* _Brief_
Where the line containing "MESCALINE Абаза" appears below, begin there and reproduce each line exactly through the last one, omitting pictures.

[Records provided]

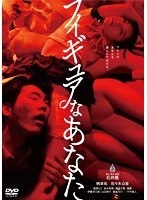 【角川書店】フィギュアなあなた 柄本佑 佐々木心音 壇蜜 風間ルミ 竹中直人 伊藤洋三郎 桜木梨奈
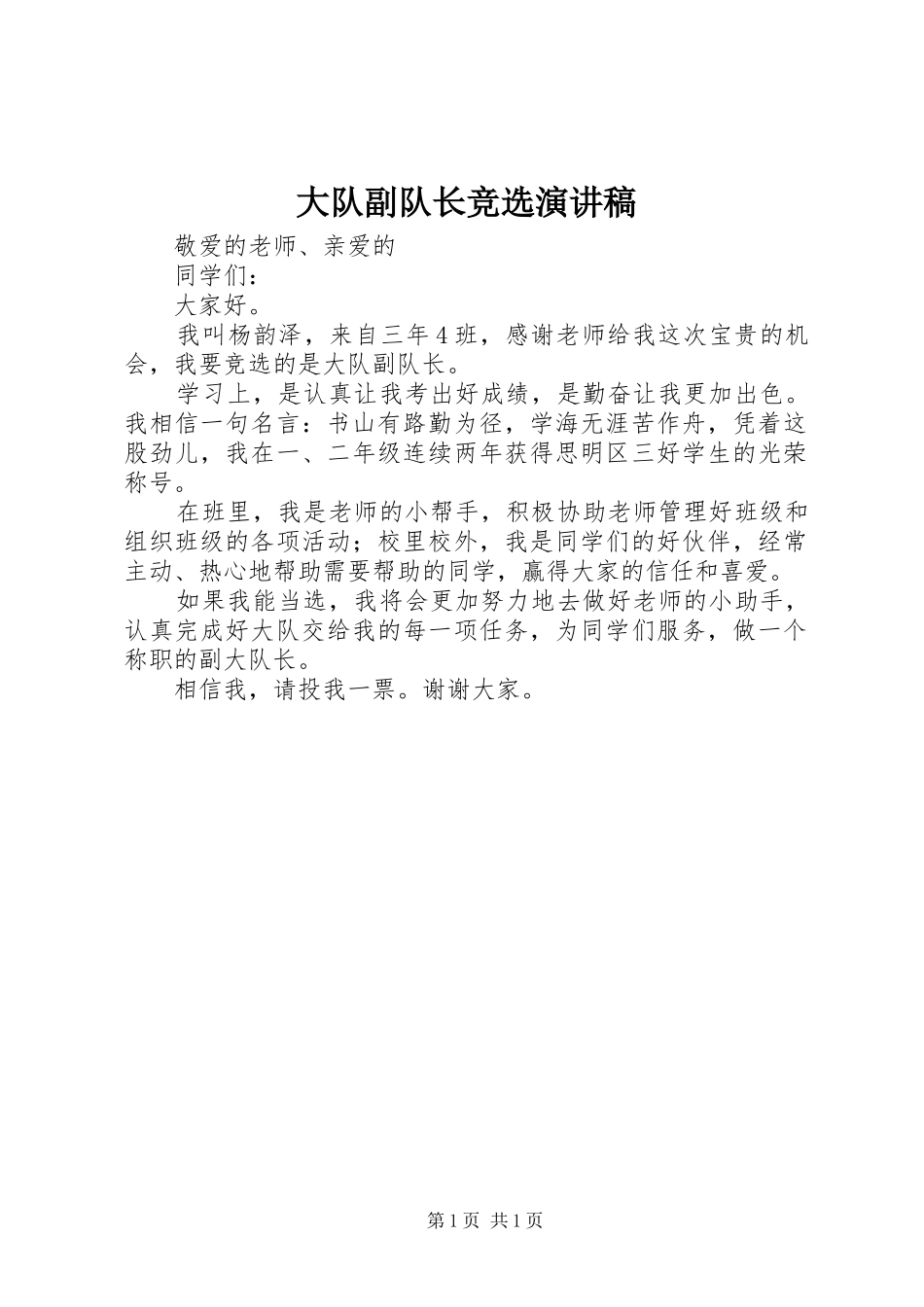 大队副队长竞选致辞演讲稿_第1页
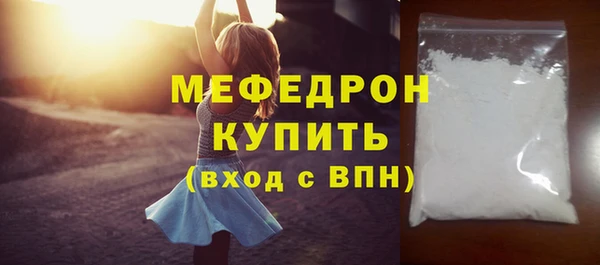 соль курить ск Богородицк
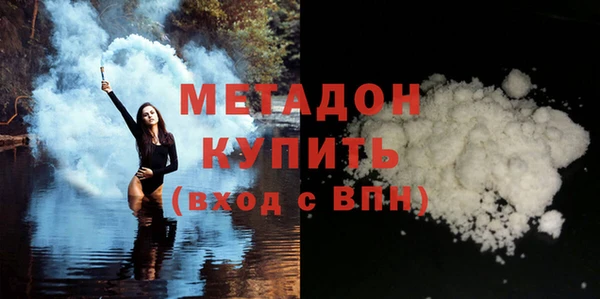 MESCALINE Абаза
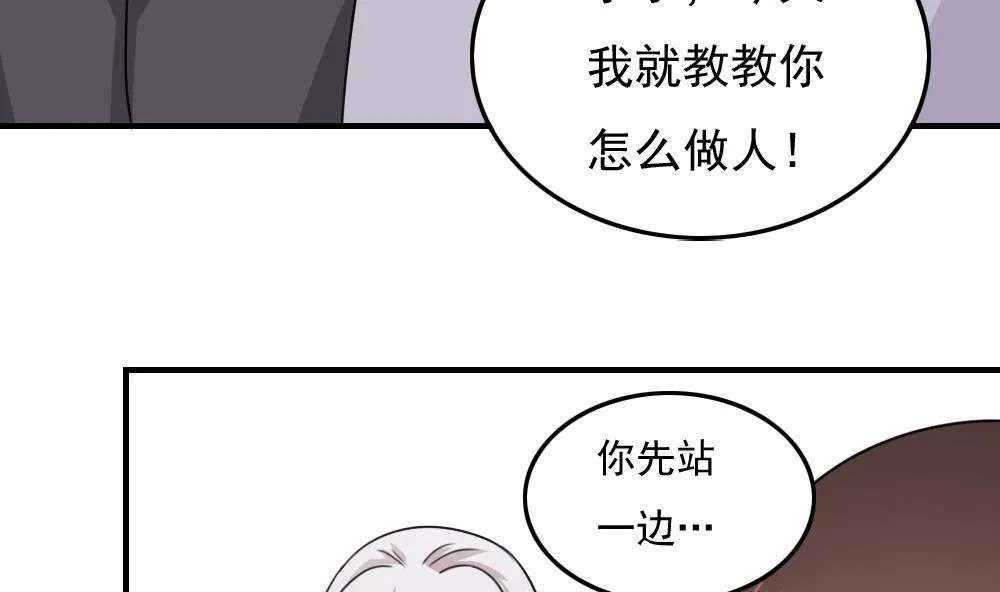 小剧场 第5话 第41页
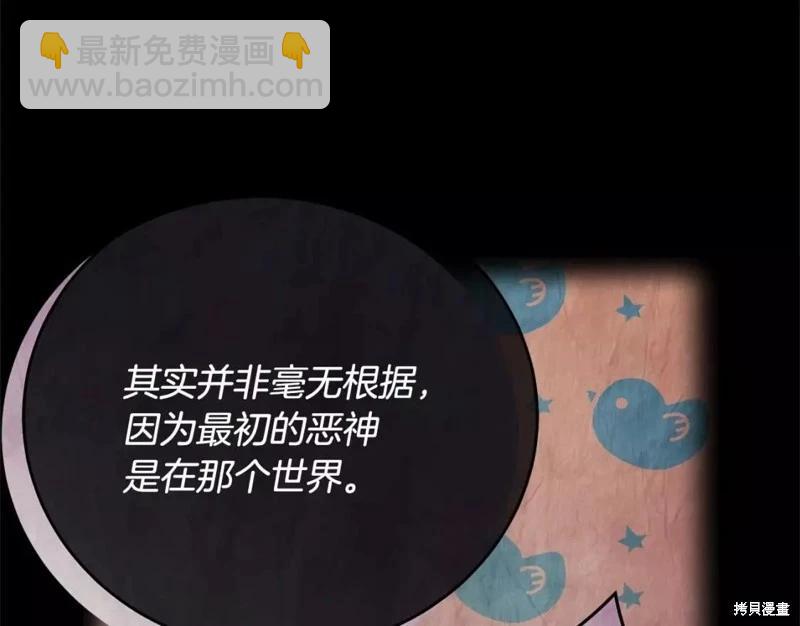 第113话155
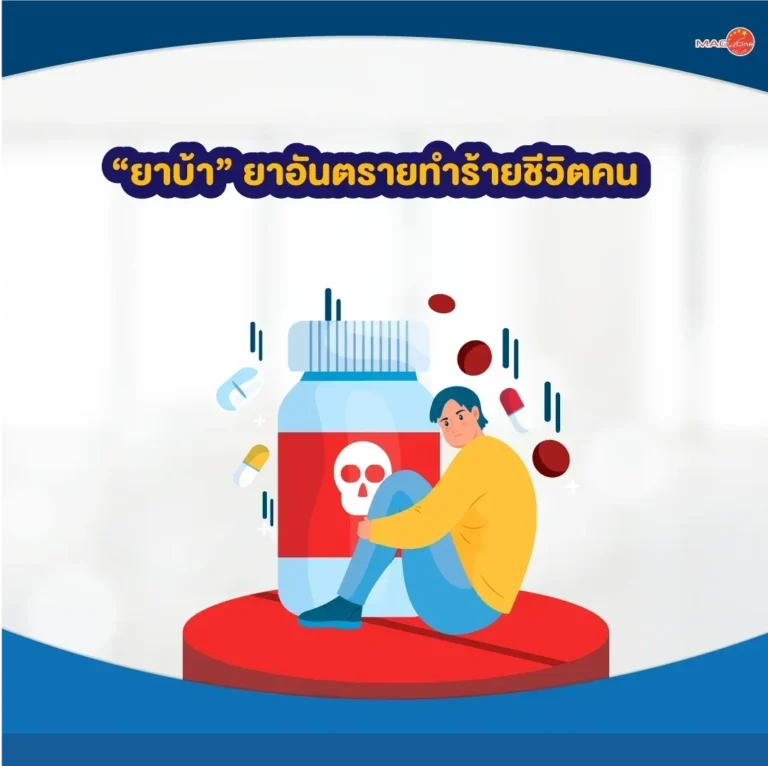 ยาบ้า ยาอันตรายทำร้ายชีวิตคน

[/Records provided]

* _Output for this task_
 MESCALINE Абаза
 小剧场 第5话 第41页
 第113话155
 ยาบ้า ยาอันตรายทำร้ายชีวิตคน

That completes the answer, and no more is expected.